It was a blend of the both. But it was actually more practical than CGI, I have to say because all the blood you see, that is all real. I can't give away too much, but, when we shot that fatality, it was coming at me and it was a mess.

Kung Lao grazing his hat in Mortal Kombat 2021

Of course CGI work was added in post-production to make the already brutal kill look even more horrifying. But even with that being the case there was still enough on-set blood to make the experience all-too-real for Huang and others involved in the shooting. “I think a lot of people felt sick on set watching it,” Huang revealed.

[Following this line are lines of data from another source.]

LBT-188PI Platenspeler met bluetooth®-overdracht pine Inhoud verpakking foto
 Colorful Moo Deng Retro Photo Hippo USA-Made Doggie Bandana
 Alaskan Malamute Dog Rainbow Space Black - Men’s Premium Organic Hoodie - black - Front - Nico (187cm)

Audiences certainly seem to be responding positively to the blood drenched and bone crunching action in Mortal Kombat as the movie won the weekend’s box office. Of course, there are some who have argued the movie goes too far in trying to capture the ultra-violent action featured in the long-running video game series. Ultimately though, Mortal Kombat is a violent game and any reasonably faithful adaptation by definition is itself going to be violent. There indeed arguably would be no point in a Mortal Kombat movie that didn't lay on the blood and viscera in the extreme, regardless of whether it resulted in an R rating. Kung Lao’s fatality is just one of several moments in the new film that rise to the level of gore expected by Mortal Kombat fans wanting the movie to deliver an experience that is closer to the games when it comes to over-the-top brutality. That this particular moment was delivered using practical effects more than CGI only adds to its craziness.